Dns-over-https No Login Page Captive Portal

Hello everyone, unfortunately I could not find a reasonable setting for the package DNS-over-Https to forward the login pages because it only takes the installed dns e.g. google. but for the login page it needs a server required by the DHCP. Is there a kind of fallback or can i make a firewall setting to allow port 80 or the domain through, for example?

Don't enable https-dns-proxy until logged on ?

You can run a scripted check for some off network site, once accessible, enable the H-D-P.

"It would be good for me if it were possible for DNS over HTTPS to have a fallback to the WAN interface."

you can tell dnsmasq to use strict upstream DNS query order, and set the ISP's DNS as 2nd DNS server.
it'll query it as long as H-D-P doesn't come online

but it'll also use it if H-D-P goes down, or fail to resolve, and you'll most likely not notice when/if it happens.

I take it you are talking about having DNS-over-Https on the client device and the captive portal login page does not pop up?
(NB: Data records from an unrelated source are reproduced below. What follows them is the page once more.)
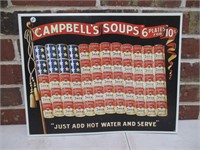 12x16 Campbell's Soup Metal Sign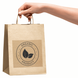 Kraft label 100x100 mm &laquo;Organic 03&raquo; (100 pcs/roll) self-adhesive 100100brownOrganic03 photo 5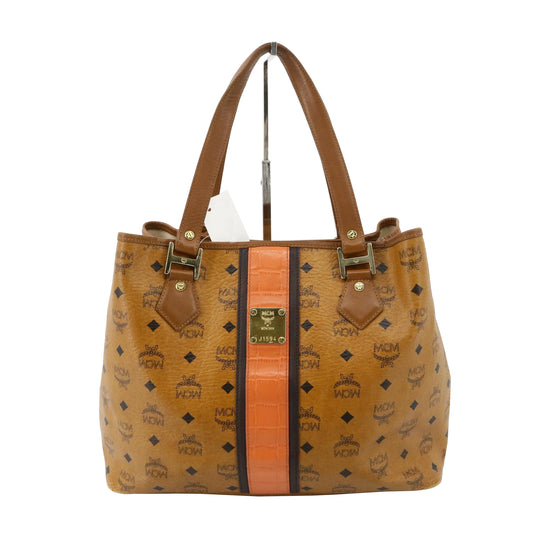 Brown Visetos Tote Bag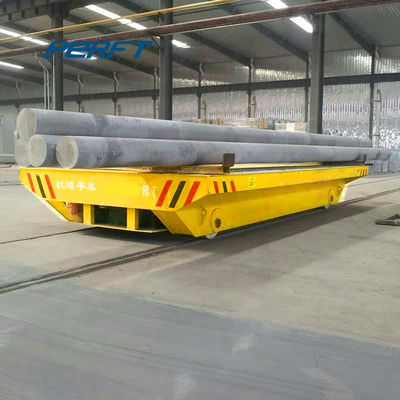 10t Easy Operation Electric Rail Transfer Cart For Transfer Steel Pipe Billet Ladle And Coil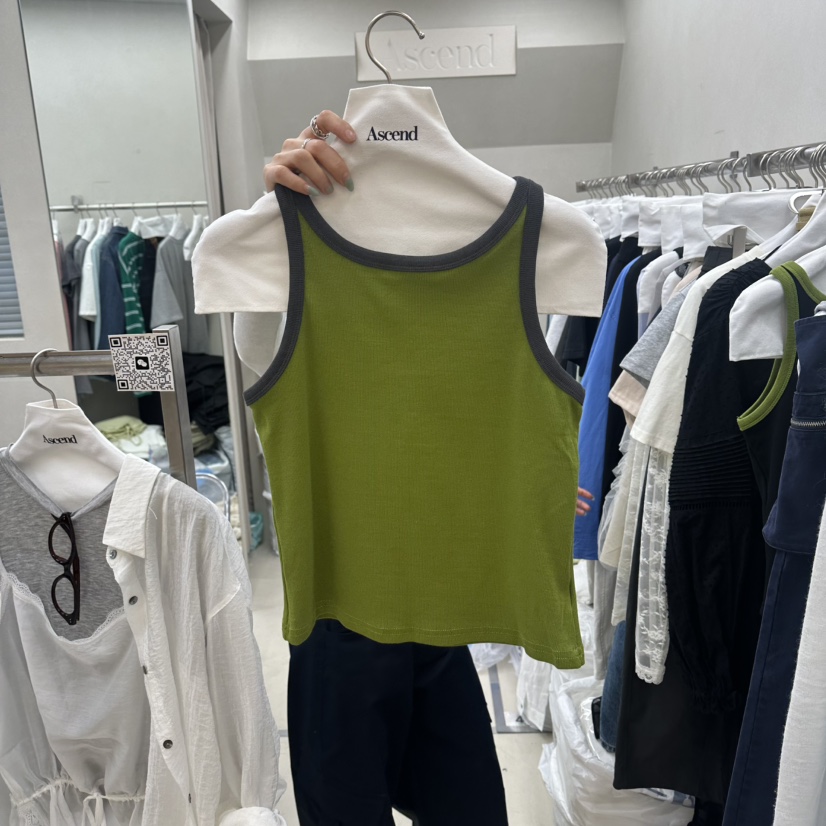 ASCEND韓國東大門代購女裝新款職業時尚熱賣26春夏吊帶背心ASCEND吊帶/背心圖色2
Captive portals require attempted access to a client operating system specific pre-determined http URL. This process is client driven and is known as Captive Portal Detection (CPD) or sometimes "Canary Test".

Because your client does not have Internet access, the DNS-over-Https cannot resolve the CPD url, so does not trigger the portal.
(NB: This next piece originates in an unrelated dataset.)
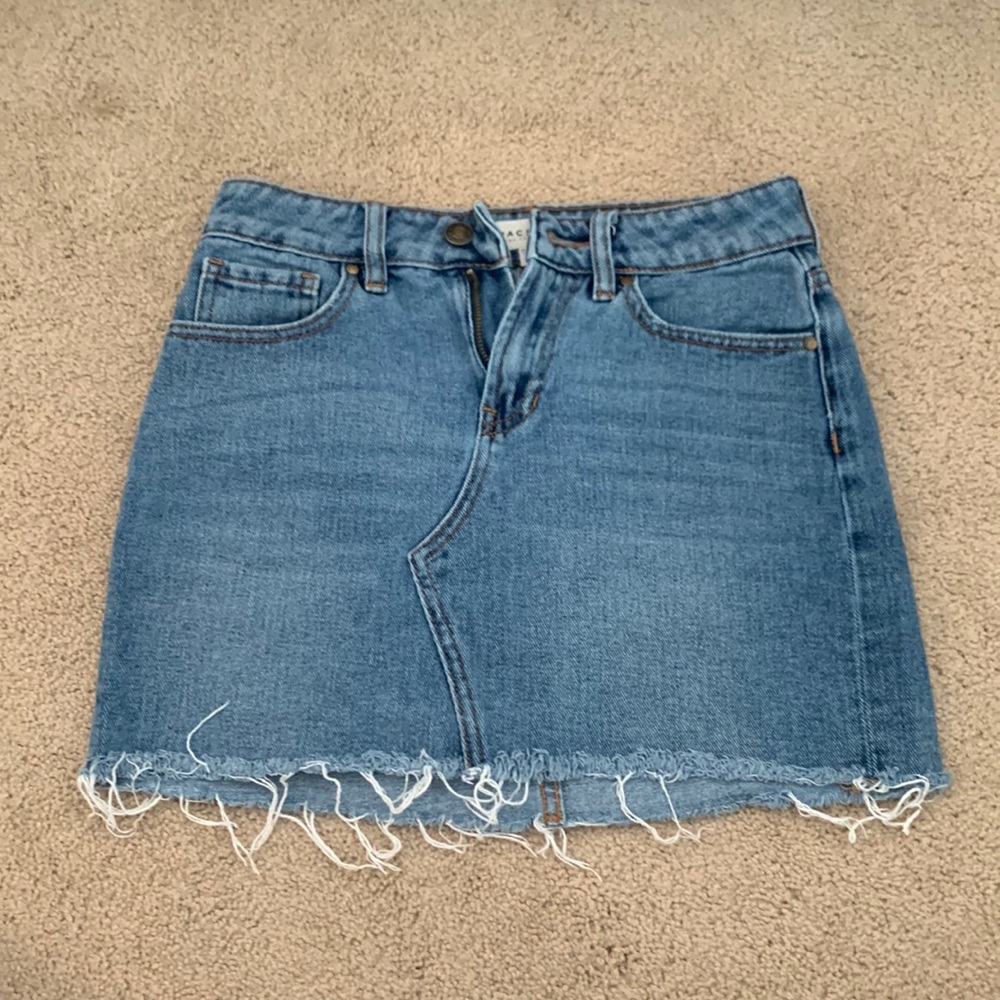 PacSun Jean Skirt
There is a newer, router driven captive portal method, Captive Portal Information (CPI), where the router's dhcp delivers the portal url directly to the client rather than doing a redirect. But of course this will not work either, because the client still can't resolve the ip address.
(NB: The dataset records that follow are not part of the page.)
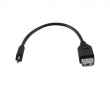 Micro-USB Hane till USB-A Hona 0.15M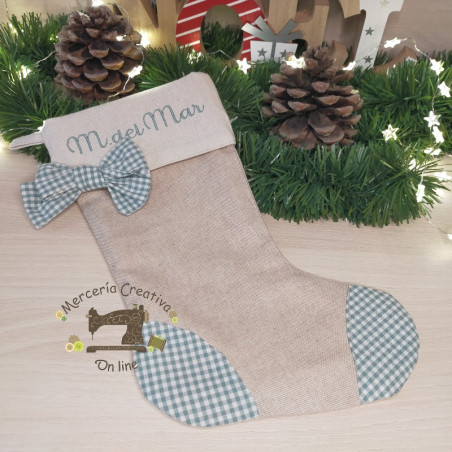 bota de navidad con nombre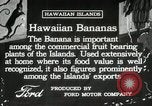 Image plantation de banane Hawaii USA, 1916, de la seconde 10 séquences d'archives historiques vidéo 65675022624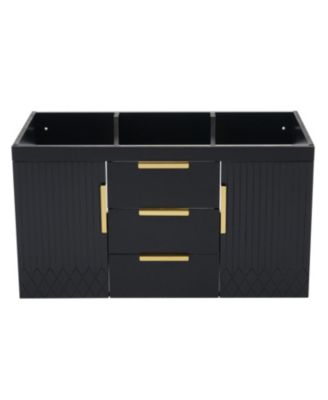36" Wall-Mounted Bathroom Vanity with 2 Drawers
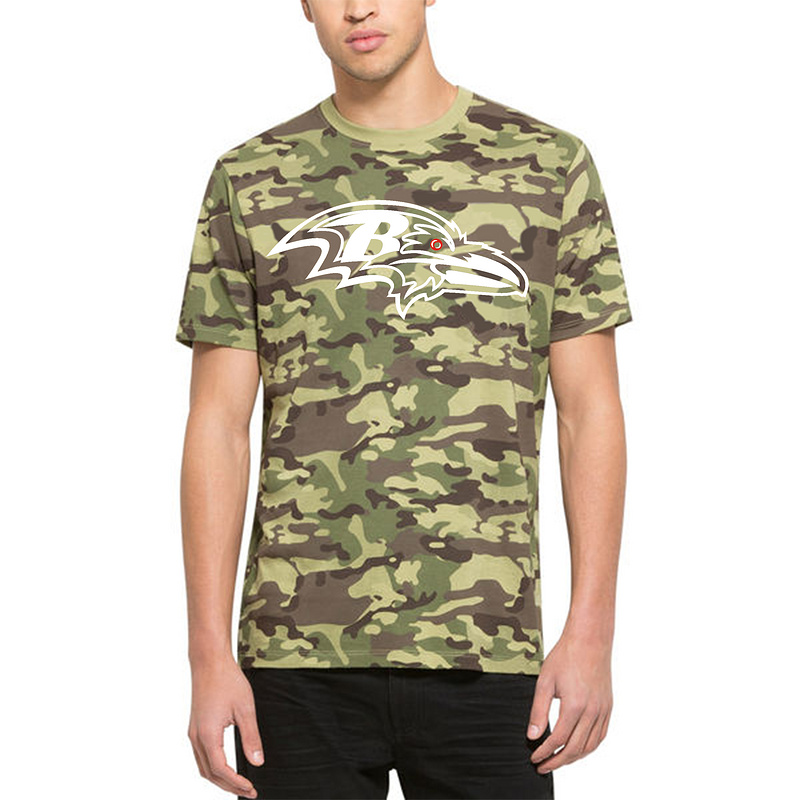 Men's Baltimore Ravens  '47 Camo Alpha T-Shirt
There is a very effective workaround.
Open a browser and try to go to http://123.123.123.123 or some other memorable but nondescript ip address, noting the http:// part (no "s").

This will send a port 80 request that the captive portal will redirect to either the login page or an intermediate "Network Authentication required (Status 511)" page, depending on the captive portal in use.

Of course, if you are also running an "https everywhere" app, you are up the creek without a paddle... and captive portals are not for you.